Amongst all of this turmoil vs. stability in IBM, the System/360 research began in 1960 at three times their revenue at the time. In hindsight, I can say that I would too invest in the research. But, if I consider doing the same thing right now, i.e. invest such a huge amount that the result can only be all-or-nothing, Id probably not be bold enough to go ahead. Records of business failures and bad decisions would deter any business from putting all their eggs in one basket. Thus, I believe for any business to want to be profitable and remain for a long time, System/360 was not a sound decision. IBM was simply lucky and intuitive to have reaped the benefits of the massive amount of research. If they had taken the same decision in 2000, they would have fallen flat and filed for bankruptcy. That being said, however, IBM was a visionary company at the time. Its aim was not to remain better than its competitors but to set an entirely different standard.
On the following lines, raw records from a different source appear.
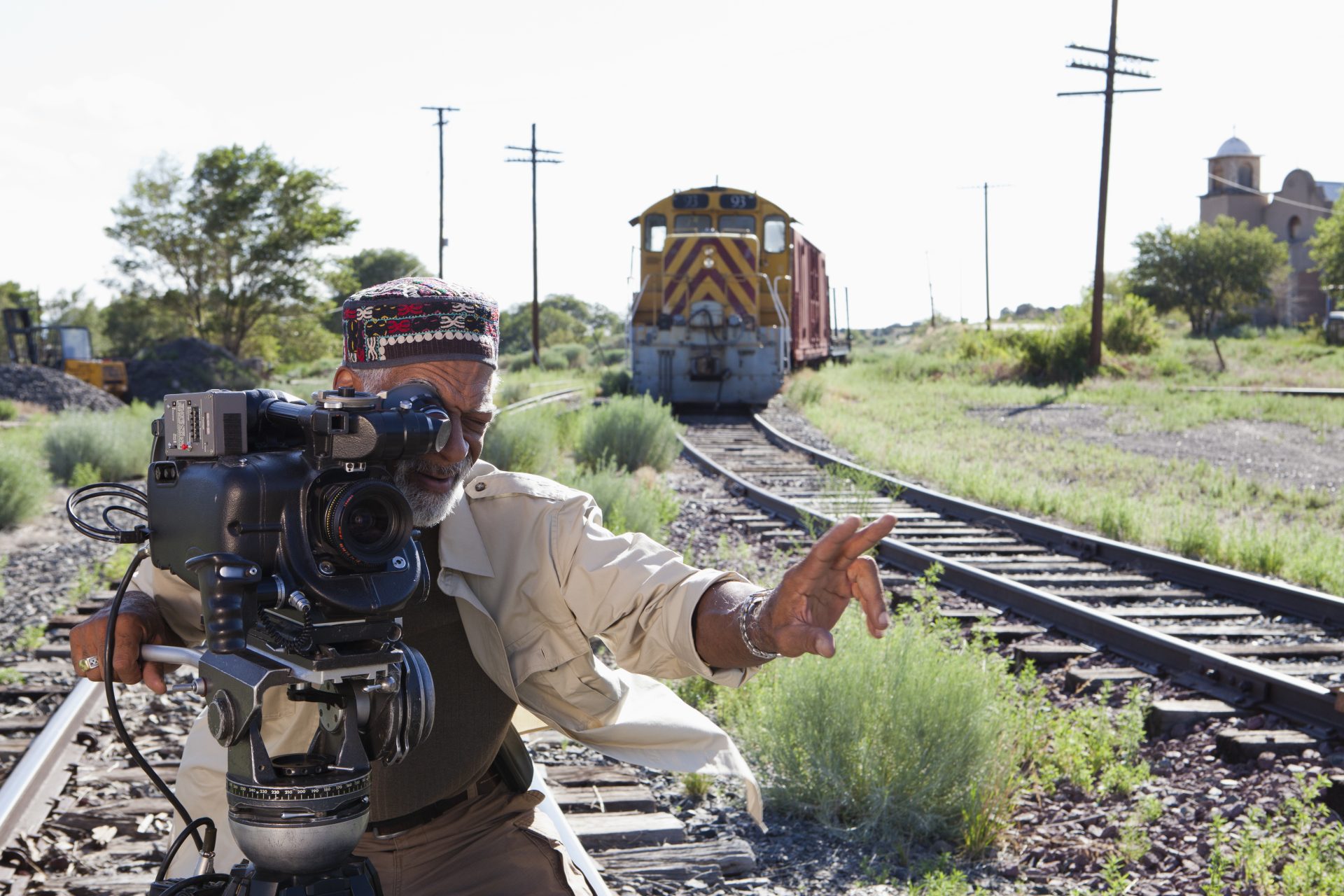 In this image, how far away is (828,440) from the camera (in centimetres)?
1540

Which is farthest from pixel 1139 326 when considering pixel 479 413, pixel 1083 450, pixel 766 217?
pixel 479 413

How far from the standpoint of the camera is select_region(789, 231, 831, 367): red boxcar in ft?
70.7

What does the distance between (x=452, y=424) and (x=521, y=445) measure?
9129mm

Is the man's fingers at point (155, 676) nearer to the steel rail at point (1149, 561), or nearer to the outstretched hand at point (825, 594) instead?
the outstretched hand at point (825, 594)

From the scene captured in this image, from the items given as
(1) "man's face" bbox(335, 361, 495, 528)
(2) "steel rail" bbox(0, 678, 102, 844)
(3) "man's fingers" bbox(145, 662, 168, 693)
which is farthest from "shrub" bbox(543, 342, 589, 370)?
(3) "man's fingers" bbox(145, 662, 168, 693)

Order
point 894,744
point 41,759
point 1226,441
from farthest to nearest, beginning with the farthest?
point 1226,441 < point 41,759 < point 894,744

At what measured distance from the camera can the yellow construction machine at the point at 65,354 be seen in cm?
2789

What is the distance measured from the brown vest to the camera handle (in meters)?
0.63

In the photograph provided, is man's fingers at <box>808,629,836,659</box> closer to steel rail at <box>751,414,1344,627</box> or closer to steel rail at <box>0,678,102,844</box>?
steel rail at <box>0,678,102,844</box>

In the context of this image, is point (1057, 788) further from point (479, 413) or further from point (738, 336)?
point (738, 336)

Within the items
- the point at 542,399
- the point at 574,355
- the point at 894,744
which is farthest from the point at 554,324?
the point at 894,744

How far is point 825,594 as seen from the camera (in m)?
1.87

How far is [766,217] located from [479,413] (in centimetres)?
1810

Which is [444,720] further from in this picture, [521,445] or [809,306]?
[809,306] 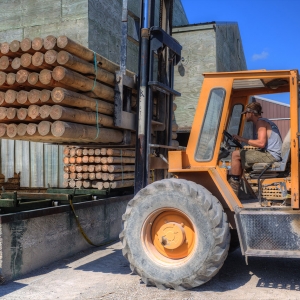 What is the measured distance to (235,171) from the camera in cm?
545

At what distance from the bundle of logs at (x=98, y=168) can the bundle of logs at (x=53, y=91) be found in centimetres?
237

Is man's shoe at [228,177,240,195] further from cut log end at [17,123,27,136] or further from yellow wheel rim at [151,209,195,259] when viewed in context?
cut log end at [17,123,27,136]

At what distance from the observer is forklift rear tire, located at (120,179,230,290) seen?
4.89m

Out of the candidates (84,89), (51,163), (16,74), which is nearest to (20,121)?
(16,74)

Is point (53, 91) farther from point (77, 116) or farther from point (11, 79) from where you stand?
point (11, 79)

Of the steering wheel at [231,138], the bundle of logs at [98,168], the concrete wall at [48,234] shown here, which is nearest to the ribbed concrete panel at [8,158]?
the bundle of logs at [98,168]

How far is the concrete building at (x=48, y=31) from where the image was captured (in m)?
11.0

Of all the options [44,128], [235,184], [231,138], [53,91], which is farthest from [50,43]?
[235,184]

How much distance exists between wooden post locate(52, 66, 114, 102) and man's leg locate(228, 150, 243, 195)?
2065 millimetres

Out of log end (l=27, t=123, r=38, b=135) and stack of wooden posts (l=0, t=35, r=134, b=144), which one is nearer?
stack of wooden posts (l=0, t=35, r=134, b=144)

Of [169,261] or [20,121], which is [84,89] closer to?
[20,121]

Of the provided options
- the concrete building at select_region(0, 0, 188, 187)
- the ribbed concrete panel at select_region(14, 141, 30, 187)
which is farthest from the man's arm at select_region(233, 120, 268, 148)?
the ribbed concrete panel at select_region(14, 141, 30, 187)

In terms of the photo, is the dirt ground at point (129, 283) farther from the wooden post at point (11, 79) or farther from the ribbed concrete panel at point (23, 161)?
the ribbed concrete panel at point (23, 161)

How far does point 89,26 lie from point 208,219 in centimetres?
761
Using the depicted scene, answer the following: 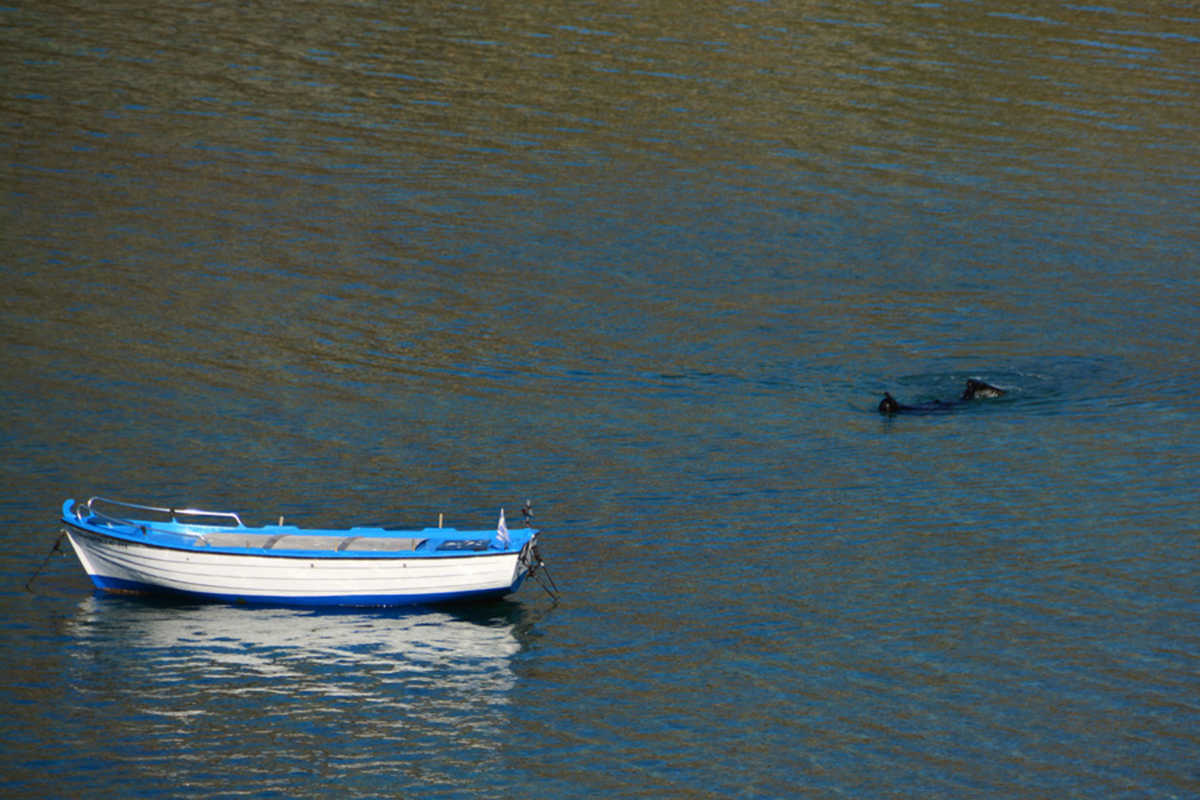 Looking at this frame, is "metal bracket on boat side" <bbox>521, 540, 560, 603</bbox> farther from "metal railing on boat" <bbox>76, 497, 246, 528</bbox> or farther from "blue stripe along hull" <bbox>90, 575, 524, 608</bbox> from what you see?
"metal railing on boat" <bbox>76, 497, 246, 528</bbox>

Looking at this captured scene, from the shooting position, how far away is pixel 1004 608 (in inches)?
1415

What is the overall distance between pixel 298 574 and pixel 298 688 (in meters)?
3.64

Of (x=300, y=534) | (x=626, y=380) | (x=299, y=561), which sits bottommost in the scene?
(x=299, y=561)

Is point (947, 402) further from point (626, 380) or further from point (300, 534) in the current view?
point (300, 534)

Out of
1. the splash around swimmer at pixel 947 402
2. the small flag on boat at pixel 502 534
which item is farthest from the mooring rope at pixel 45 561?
the splash around swimmer at pixel 947 402

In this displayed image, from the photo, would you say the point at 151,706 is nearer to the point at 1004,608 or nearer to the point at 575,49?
the point at 1004,608

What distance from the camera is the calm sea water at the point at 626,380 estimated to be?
31.8 meters

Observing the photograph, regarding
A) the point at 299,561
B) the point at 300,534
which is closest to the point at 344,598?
the point at 299,561

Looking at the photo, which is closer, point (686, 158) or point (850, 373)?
point (850, 373)

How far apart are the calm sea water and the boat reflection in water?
108 mm

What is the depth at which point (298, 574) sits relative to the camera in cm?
3597

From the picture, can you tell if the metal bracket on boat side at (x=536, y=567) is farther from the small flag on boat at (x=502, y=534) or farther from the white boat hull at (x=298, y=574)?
the small flag on boat at (x=502, y=534)

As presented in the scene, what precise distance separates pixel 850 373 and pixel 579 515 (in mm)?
12499

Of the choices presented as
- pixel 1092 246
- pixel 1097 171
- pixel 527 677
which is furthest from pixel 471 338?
pixel 1097 171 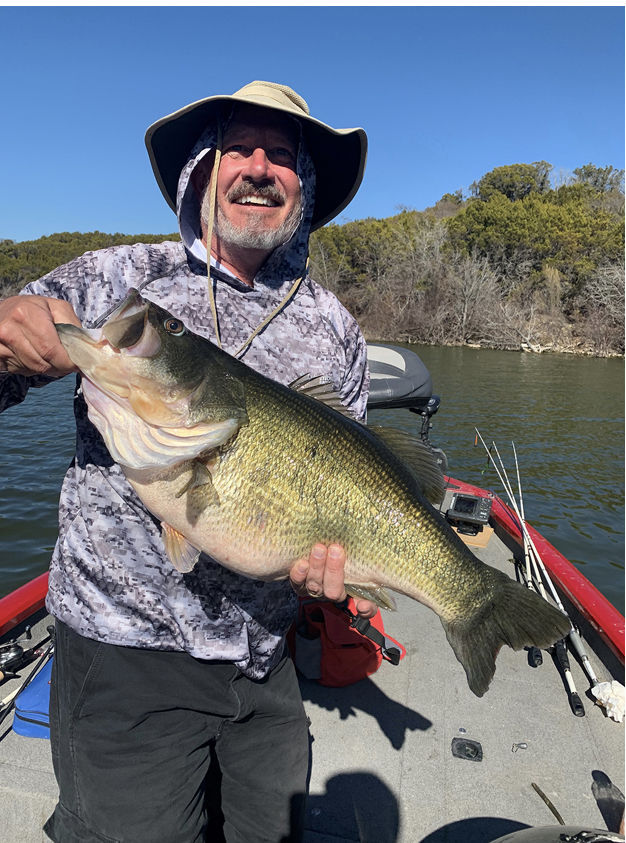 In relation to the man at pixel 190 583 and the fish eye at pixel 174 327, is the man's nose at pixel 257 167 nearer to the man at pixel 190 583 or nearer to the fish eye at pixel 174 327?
the man at pixel 190 583

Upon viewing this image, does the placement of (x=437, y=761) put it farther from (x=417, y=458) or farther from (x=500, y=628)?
(x=417, y=458)

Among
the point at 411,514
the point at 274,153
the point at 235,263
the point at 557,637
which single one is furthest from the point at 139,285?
the point at 557,637

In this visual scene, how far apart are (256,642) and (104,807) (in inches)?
27.9

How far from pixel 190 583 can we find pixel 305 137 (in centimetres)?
202

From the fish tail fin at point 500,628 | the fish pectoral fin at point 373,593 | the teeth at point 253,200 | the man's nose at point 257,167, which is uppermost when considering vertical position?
the man's nose at point 257,167

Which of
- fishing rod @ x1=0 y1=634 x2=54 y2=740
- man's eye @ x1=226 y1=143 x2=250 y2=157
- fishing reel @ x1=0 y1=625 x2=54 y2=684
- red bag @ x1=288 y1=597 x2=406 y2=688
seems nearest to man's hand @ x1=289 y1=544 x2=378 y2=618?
man's eye @ x1=226 y1=143 x2=250 y2=157

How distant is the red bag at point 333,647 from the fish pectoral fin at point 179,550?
2.05 meters

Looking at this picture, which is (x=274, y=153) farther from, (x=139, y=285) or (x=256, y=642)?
(x=256, y=642)

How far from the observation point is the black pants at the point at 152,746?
6.10 feet

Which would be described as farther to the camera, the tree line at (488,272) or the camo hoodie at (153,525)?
the tree line at (488,272)

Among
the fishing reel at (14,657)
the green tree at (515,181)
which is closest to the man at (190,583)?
the fishing reel at (14,657)

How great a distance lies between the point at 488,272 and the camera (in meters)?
39.2

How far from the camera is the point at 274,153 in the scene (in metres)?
2.31

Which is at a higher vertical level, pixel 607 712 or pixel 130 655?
pixel 130 655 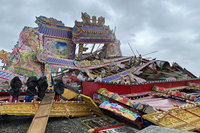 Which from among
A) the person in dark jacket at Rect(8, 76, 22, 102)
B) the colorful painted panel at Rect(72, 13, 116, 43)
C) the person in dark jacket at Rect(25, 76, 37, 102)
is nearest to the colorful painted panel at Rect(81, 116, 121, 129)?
the person in dark jacket at Rect(25, 76, 37, 102)

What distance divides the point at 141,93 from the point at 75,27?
7.66 metres

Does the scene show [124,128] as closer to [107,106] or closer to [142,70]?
[107,106]

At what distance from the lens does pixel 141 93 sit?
655 centimetres

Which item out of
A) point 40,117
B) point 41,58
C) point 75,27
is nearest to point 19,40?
point 41,58

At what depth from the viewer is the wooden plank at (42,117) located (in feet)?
10.5

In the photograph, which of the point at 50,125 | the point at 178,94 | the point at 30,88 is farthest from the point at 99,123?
the point at 178,94

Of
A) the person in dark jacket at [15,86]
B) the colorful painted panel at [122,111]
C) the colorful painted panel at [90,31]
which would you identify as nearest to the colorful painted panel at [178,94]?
the colorful painted panel at [122,111]

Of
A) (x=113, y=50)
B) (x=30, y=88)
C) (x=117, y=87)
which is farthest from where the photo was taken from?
(x=113, y=50)

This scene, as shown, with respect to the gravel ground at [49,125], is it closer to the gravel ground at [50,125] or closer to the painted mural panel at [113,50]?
the gravel ground at [50,125]

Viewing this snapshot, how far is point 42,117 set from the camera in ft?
12.2

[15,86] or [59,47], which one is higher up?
[59,47]

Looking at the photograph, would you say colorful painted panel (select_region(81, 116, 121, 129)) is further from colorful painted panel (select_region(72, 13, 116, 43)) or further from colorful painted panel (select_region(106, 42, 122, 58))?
colorful painted panel (select_region(106, 42, 122, 58))

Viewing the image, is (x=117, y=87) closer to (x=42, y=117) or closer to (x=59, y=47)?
(x=42, y=117)

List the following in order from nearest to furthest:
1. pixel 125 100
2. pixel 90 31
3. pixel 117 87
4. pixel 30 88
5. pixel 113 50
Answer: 1. pixel 125 100
2. pixel 30 88
3. pixel 117 87
4. pixel 90 31
5. pixel 113 50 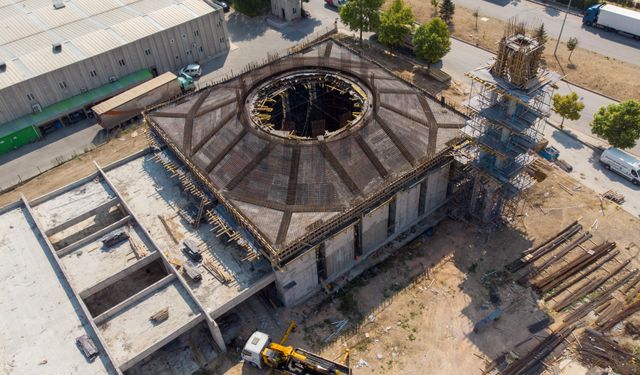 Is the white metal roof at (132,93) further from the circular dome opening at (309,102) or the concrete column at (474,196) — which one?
the concrete column at (474,196)

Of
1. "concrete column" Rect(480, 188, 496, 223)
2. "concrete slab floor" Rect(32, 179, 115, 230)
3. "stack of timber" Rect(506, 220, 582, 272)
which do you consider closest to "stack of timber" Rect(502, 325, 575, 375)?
"stack of timber" Rect(506, 220, 582, 272)

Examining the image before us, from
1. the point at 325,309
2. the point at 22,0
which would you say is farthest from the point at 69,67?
the point at 325,309

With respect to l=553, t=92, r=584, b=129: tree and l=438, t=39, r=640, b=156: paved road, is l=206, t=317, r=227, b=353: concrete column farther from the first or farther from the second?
l=438, t=39, r=640, b=156: paved road

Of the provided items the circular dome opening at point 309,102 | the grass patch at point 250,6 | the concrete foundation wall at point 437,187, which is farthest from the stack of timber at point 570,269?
the grass patch at point 250,6

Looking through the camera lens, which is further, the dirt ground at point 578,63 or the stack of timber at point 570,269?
the dirt ground at point 578,63

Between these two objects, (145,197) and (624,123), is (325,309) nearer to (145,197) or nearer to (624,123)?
(145,197)

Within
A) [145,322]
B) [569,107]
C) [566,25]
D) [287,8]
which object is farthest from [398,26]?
[145,322] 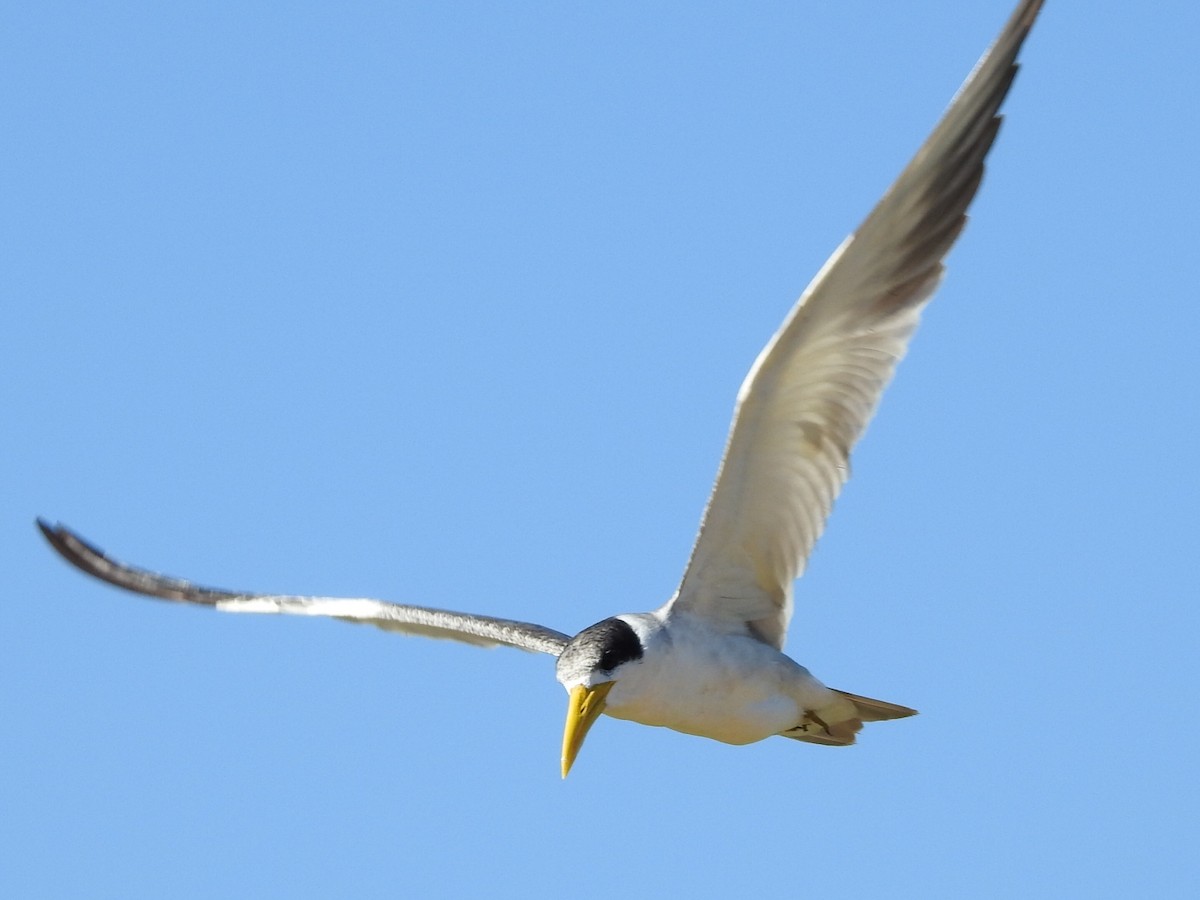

It aimed for supremacy. To reach supremacy, taking high-risk and seemingly foolhardy decisions is the only way of doing something unique. It must have seemed like itd be better to die than come in second. With this mind-set, System/360 was the only way to go. In conclusion, IBM has had great ups and a few downs. IBM failed in the personal computer market but it did not allow this to affect its other sectors. By cutting off this gangrenous limb, IBM has flourished particularly in software and international partnerships. The IT world knows IBM as a force to be reckoned with and a company that would be an honour to work with. IBM, according to me, is a humble company that may not be the superpower it once was but, with a net income of $29.3 billion in 2012, more than a hundred years later, it is still standing strong.